Stellar Cyber proves you don’t always need a new logo to spot AI trouble; sometimes you can teach your current XDR new tricks. The platform’s hallmark is data fusion: logs, flows, IDS hits, and SaaS events feed one graph scored by Multi-Layer AI.

Its 2025.4 release added parsers for OpenAI and Anthropic audit logs along with generic LLM gateway APIs. When you route those streams alongside endpoint and network telemetry, the system surfaces correlations that point tools miss. A spike in ChatGPT traffic, for example, is checked against Git pulls or outbound SSH sessions, then stitched into a single incident card.

That holistic view helps lean SOC teams avoid constant console switching. Analysts stay in the same workspace, apply familiar playbooks, and let automation start containment, disabling a compromised Okta session and blocking the suspect API token without hopping tools.

Stellar will not rewrite prompts or tag agent identities out of the box, but its open-integration model accepts alerts from Macaw, Onyx, or LLM Intercept through REST. The platform becomes a central brain that converts specialized findings into a timeline responders can act on.

For organizations that already run Stellar for endpoint, network, and cloud defense, adding the new AI parsers is a low-effort extension. MSSPs with multi-tenant SOCs can surface those detections in existing dashboards and keep service margins intact while offering the AI coverage clients now request.

Feature comparison at a glance

The table below condenses hundreds of pages of docs and demos into one view. A check mark (✓) signals a production-ready capability confirmed in publicly available documentation. Empty cells mean you’ll need another tool or custom rule to close that gap.

Vendor Prompt-injection defense Secret-leak prevention NHI governance Real-time detection & response Integrations Compliance tooling Transparent pricing
Entro Security
Palo Alto (Cortex XSIAM)
Trend Micro Vision One
Noma Security
Onyx
Macaw Security ✓*
LLM Intercept
Stellar Cyber

Macaw enforces least-privilege cryptographic handshakes that block unauthorized actions; it does not parse prompt text.

Use the table to match tool selection with your highest-priority gaps.
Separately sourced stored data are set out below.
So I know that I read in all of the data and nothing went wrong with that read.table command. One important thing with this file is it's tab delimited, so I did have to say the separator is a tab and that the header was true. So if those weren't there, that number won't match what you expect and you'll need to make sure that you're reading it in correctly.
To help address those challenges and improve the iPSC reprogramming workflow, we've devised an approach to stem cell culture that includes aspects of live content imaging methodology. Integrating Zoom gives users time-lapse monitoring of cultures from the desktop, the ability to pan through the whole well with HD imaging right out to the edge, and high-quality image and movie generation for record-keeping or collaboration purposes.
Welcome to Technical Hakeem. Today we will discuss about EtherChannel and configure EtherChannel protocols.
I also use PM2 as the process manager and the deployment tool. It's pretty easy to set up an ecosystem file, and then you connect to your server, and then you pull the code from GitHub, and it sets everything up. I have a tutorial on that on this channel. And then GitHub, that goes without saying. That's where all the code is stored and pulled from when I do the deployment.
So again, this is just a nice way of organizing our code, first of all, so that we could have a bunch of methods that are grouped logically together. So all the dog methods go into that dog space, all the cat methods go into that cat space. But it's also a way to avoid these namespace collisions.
If secret sprawl tops the list, start with vendors strong in the second column. If unmanaged agents worry you most, favor rows with checks in the NHI governance column.

Overlap is not waste; it is defense in depth. Aim for broad coverage, not a single-pane wish.
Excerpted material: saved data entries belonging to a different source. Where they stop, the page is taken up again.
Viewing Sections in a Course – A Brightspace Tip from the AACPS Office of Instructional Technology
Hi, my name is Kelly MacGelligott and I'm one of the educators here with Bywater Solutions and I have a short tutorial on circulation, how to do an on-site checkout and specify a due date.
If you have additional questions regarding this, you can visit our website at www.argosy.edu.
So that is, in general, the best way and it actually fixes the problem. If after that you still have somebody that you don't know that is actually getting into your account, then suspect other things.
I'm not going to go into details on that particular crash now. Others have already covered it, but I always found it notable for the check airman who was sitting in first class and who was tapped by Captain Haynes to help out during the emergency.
Your decision guide: matching tools to risks, budget, and culture

Before you sign a purchase order, or spin up one more free trial, run this five-point check.

  1. Count your surface area. How many autonomous agents run in production? How many employees paste data into public chatbots each week? If you can’t answer, start with a discovery-first platform such as Noma or Entro; visibility is oxygen.

  2. Rank the nightmares. 

    1. Secrets leaking? Begin with LLM Intercept or Trend Micro’s DLP modules. 

    2. Rogue agents deleting S3 buckets? Prioritize real-time guardrails like Onyx or cryptographic controls from Macaw.

  3. Match effort to bandwidth. 

    1. Low lift: Palo Alto and Stellar fit into existing SOC pipelines. 

    2. Higher lift, deeper control: Noma’s proxy or Onyx’s SDK require engineering time but give granular policy enforcement.

  4. Test under fire. Stage a red-team prompt that tries to siphon customer data. Keep the tool only if it blocks or alerts in seconds and shows you why.

  5. Pressure-check pricing. Ask for transparent tiers—per agent, per prompt, or flat enterprise. Hidden overage fees can turn quick wins into CFO headaches.

Work through these steps and you’ll assemble a stack that secures today’s workflows and scales with tomorrow’s goals without drowning your team in dashboards.